Thabo Sefolosha knows far too well about police brutality against black people.
Because, in 2015, it happened to him, when he suffered injuries by New York City police and was wrongly arrested.
Sefolosha, 36, is a 14-year NBA veteran from Switzerland who spent this season playing for the Houston Rockets before the Covid-19 pandemic put the season on hold. On Wednesday in Atlanta, he told CNN that he could see himself in George Floyd, who was killed while in police custody in Minneapolis.
"I think every black man in America, in my opinion, from the 14 years I've lived here, can feel that way," Sefolosha said. "It's that ultimate bullying. ... I think it's just an abuse of power that you've seen in preschool, middle school bullying, and it's at such a high level that the people have to be fed up and something has to be done about it."
In the early hours of April 8, 2015, Sefolosha, then with the Atlanta Hawks, and then-teammate, center Pero Antic, from Macedonia, were arrested near the scene of the stabbing of then-Indiana Pacers forward Chris Copeland and two women outside a New York nightclub.
Police said Sefolosha and Antic were not involved in the stabbing incident, but they were charged with misdemeanors, including disorderly conduct and obstructing governmental administration.
Shortly after the incident, TMZ released video that shows a group of police officers arresting the 6-foot-7 Sefolosha and taking him to the ground. It also shows an officer within that group getting out a baton and extending it near him, but what may have caused the injury is not clear in the video. Sefolosha appears to be limping as officers lead him away.
Sefolosha, who suffered a fractured fibula and ligament damage when he was arrested, said after the incident that police caused his injuries. He was forced to miss the rest of the 2015 regular season and the entire postseason.

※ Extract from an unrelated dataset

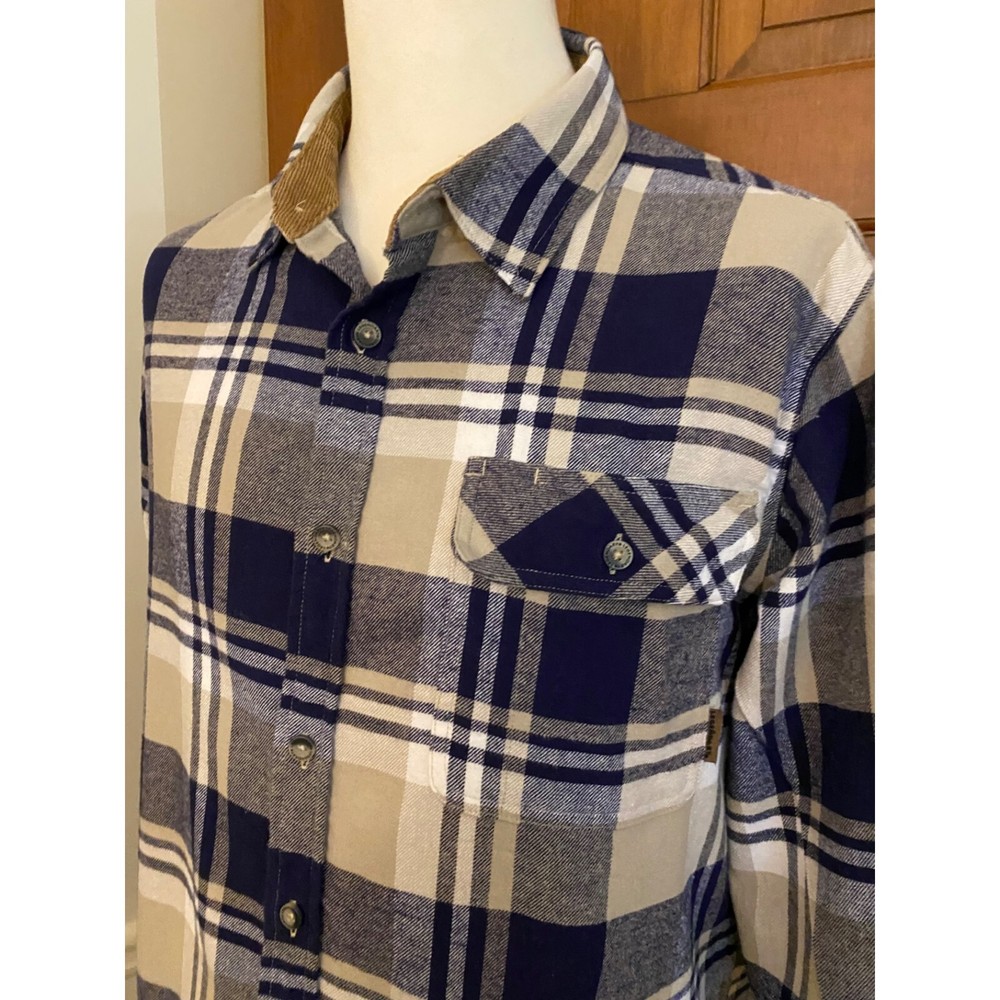 Legendary White Tails Buck Camp Flannel Shirt Men Large Shale Plaid Button Down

A New York jury found Sefolosha not guilty on three misdemeanor charges. The charges against Antic, who is white, were dismissed. Sefolosha later settled a lawsuit against five police officers for $4 million.

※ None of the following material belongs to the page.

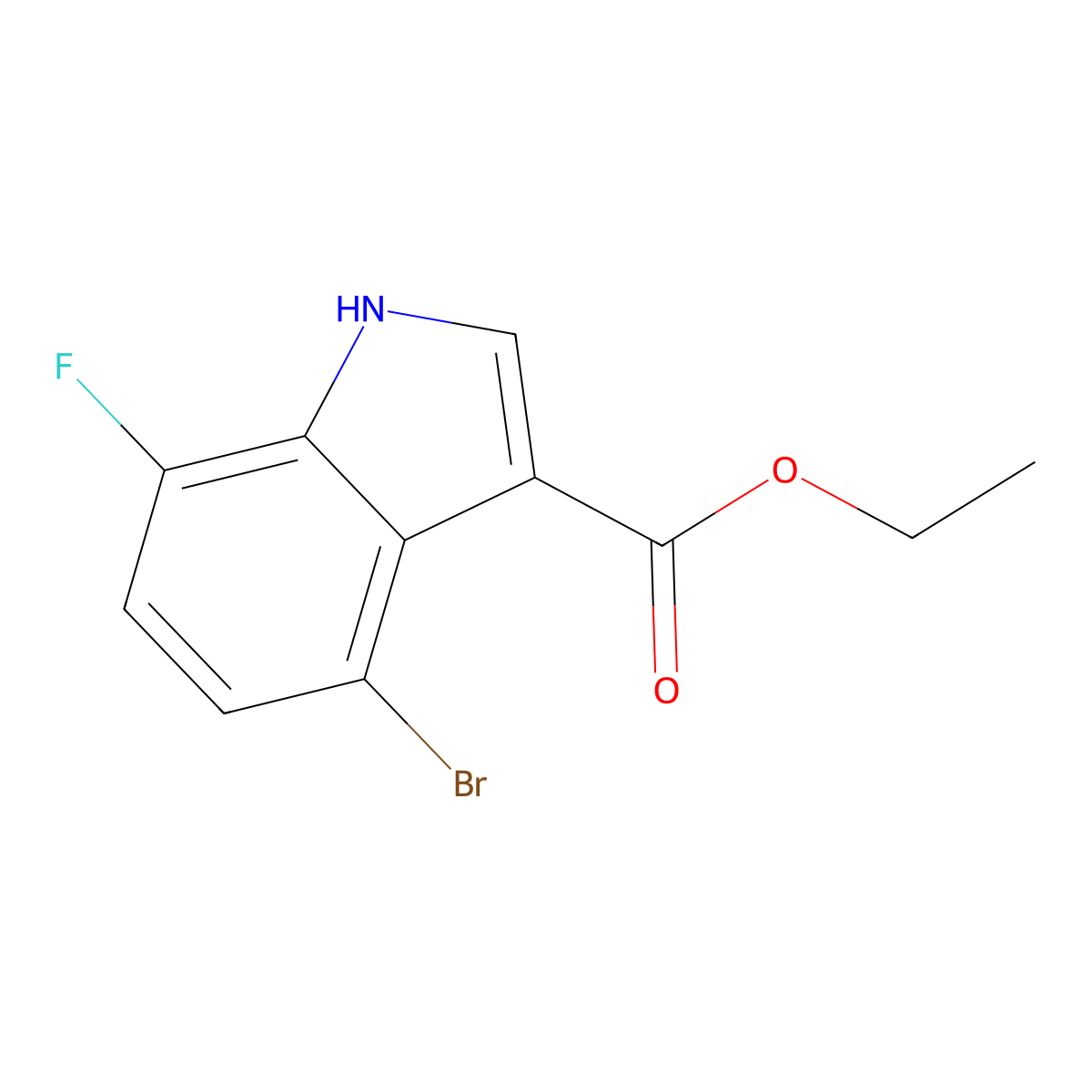 Ethyl 4-bromo-7-fluoro-1H-indole-3-carboxylate molecular structure, CAS 2089325-24-4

"Everything happened so fast that at the moment it was just being myself, really, being respectful, and at the same time defending a position that I had the right to defend," Sefolosha said to CNN. "Everything escalated so quickly that it was hard just to -- looking back, just sitting in a cell and saying, 'OK, I didn't do anything wrong.'"
He later went on to say, "Really, it's bullying at a high level. And that frustrates everybody. I think you see it now just with the protest and the level of anger that people have. I think it's just enough is enough."
As for why things escalated in his case on that overnight in New York, Sefolosha said it was because of "poor training."
"Ego gets in the way, you know, and I think that's one of the main problems when you're a police officer," Sefolosha said. "A lot is asked of you as a public servant, as someone who is here to defend the community. And I think it should be taken with pride and with more humanity, as far as you're doing a job here for the people and understanding that everybody's going through a lot.
"But as an officer, you're the one with the training. You are the one who's here, who is supposed to calm the situation down and realize what's going on in a split second, you know? And too often this is not met."
Sefolosha was asked what went through his mind when he saw the video of Floyd.
"Anger," Sefolosha said. "And a sense of just being totally disconnected. How can a human being do that to somebody else and just sit on his neck for nine minutes? Intentionally in broad daylight killing someone like this. And the anger is extended to the other officers that are just around just watching. Like, what is your purpose in life? Why did you decide to become a police officer? Everything is to be put in question at this point. So I can't really blame people that are in the street just angry.
"I just wish the leadership was a little more streamlined and people know exactly what the message, what they're fighting for and what exactly they want after the protest. We can protest for six years. You protest and then something has got to come at the end of it, you know? But what is the message? What is the exact end goal of all of this?"
As for potentially going back to play basketball?
"The main priority should be justice, should be about fighting for sustainable justice," Sefolosha said. "Can we do that while playing basketball? And I mean, obviously, the athletes are not the only ones that need to step up and do things. So, yeah, I think it would be great to have that outlet in times like this for everybody, for the ones that are on the court and the people watching. I think it'd be great for everybody to have (something) positive in times like this.
"But at the same time, I want myself and all the rest of the athletes with a platform, it's time for action. And I want to really stress that I think it's for all of us to take it upon us to be about action right now."